◆ **PROBLEM TO SOLVE**
For this exercise, copy exactly every line from the one holding "Rising Celiac Disease" through the end of the data, both included. Omit pictures.

RECORDS FOR PROCESSING: Begin

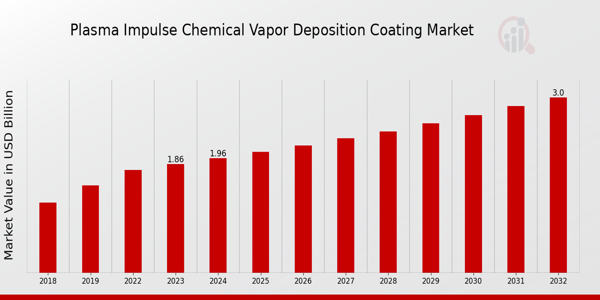 Global Plasma Impulse Chemical Vapor Deposition Coating Market Overview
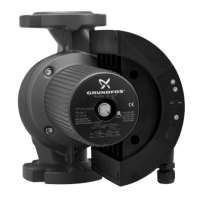 Preview: Grundfos 2000 Series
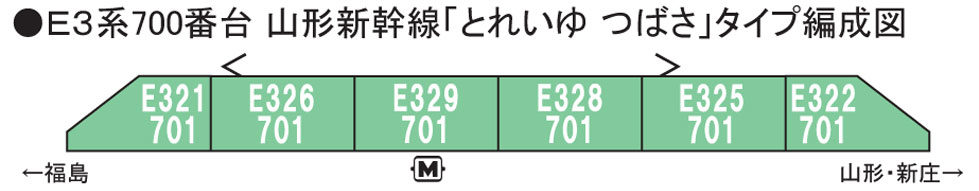 KATO カトー 10-937 E3系700番台 山形新幹線「とれいゆ つばさ」タイプ 6両セット (ホビーセンターカトー商品)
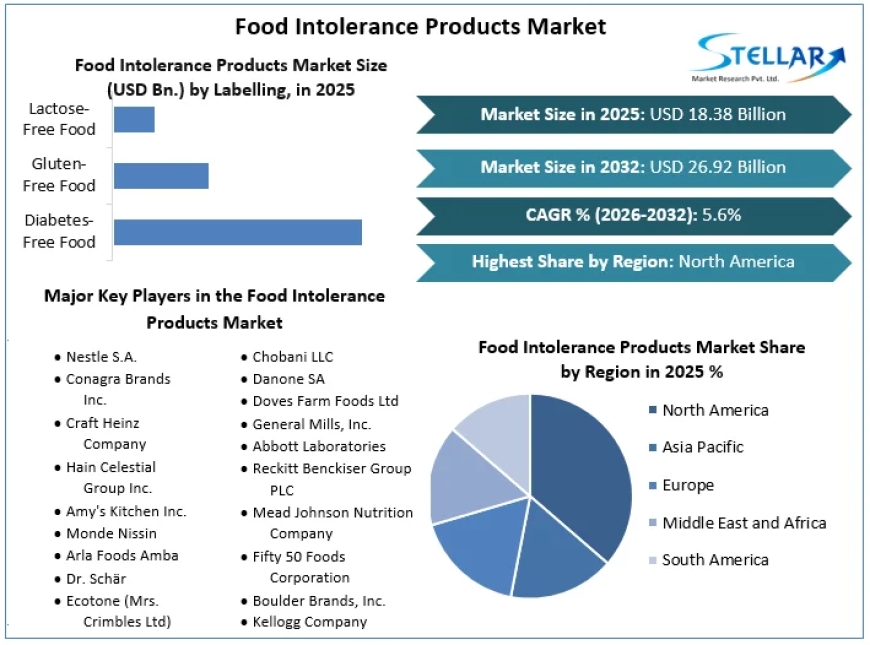 Rising Celiac Disease Awareness Boosts Gluten-Free Bakery Market Growth
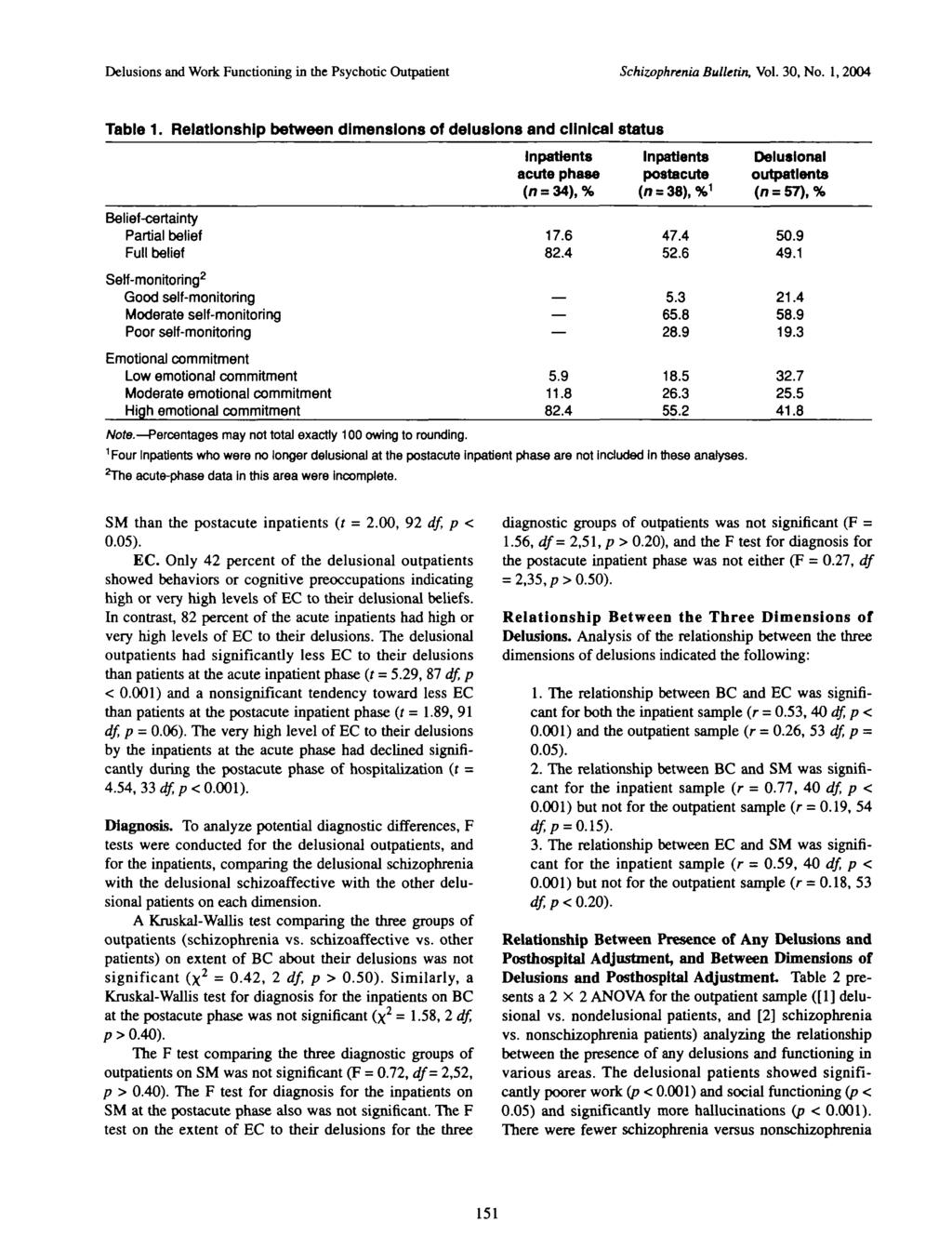 Delusions and Work Functioning in the Psychotic Outpatient Schizophrenia Bulletin, Vol. 30, No. 1, 2004 Table 1.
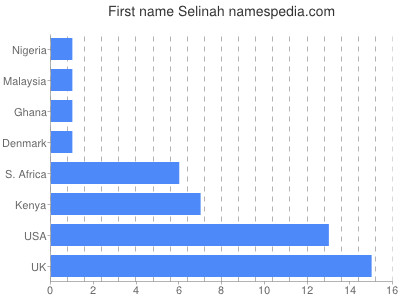 Given name Selinah
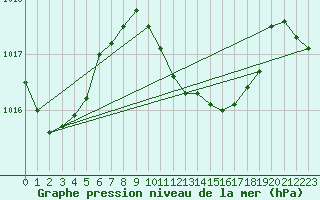 Courbe de la pression atmosphrique pour Sa Pobla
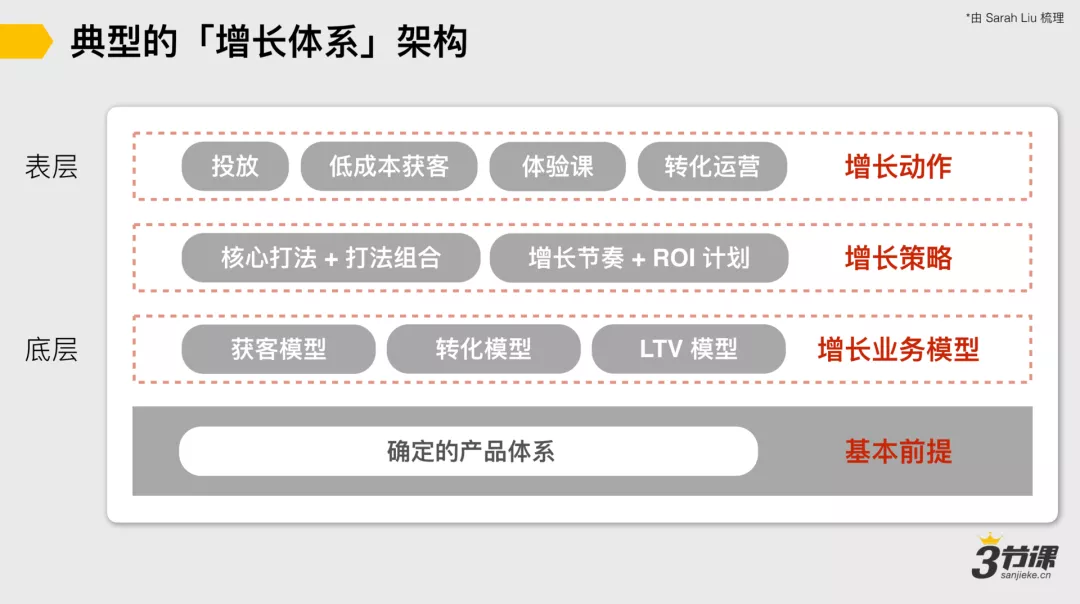 三节课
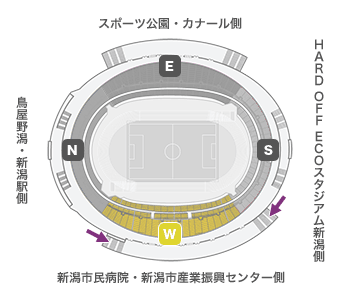 Ｗゲートの入り方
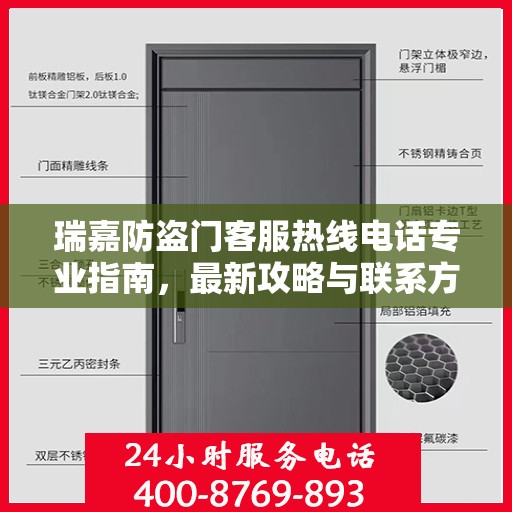 瑞嘉防盗门客服热线电话专业指南，最新攻略与联系方式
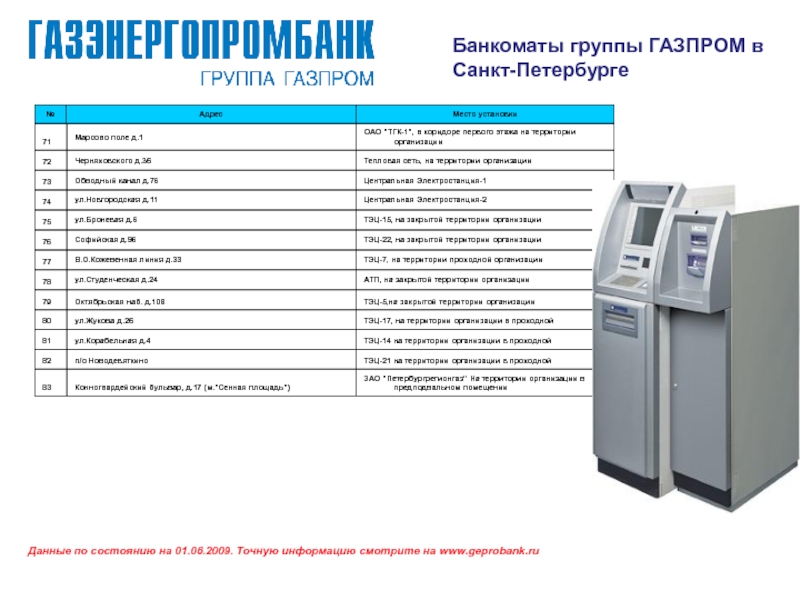 Энергия санкт петербург адреса терминалов. Банкомат mx8600sb Потребляемая мощность. Габариты банкомата.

RECORDS FOR PROCESSING: End

◆ **EXPECTED ANSWER**
 Rising Celiac Disease Awareness Boosts Gluten-Free Bakery Market Growth
 Delusions and Work Functioning in the Psychotic Outpatient Schizophrenia Bulletin, Vol. 30, No. 1, 2004 Table 1.
 Given name Selinah
 Courbe de la pression atmosphrique pour Sa Pobla
 三节课
 Ｗゲートの入り方
 瑞嘉防盗门客服热线电话专业指南，最新攻略与联系方式
 Энергия санкт петербург адреса терминалов. Банкомат mx8600sb Потребляемая мощность. Габариты банкомата.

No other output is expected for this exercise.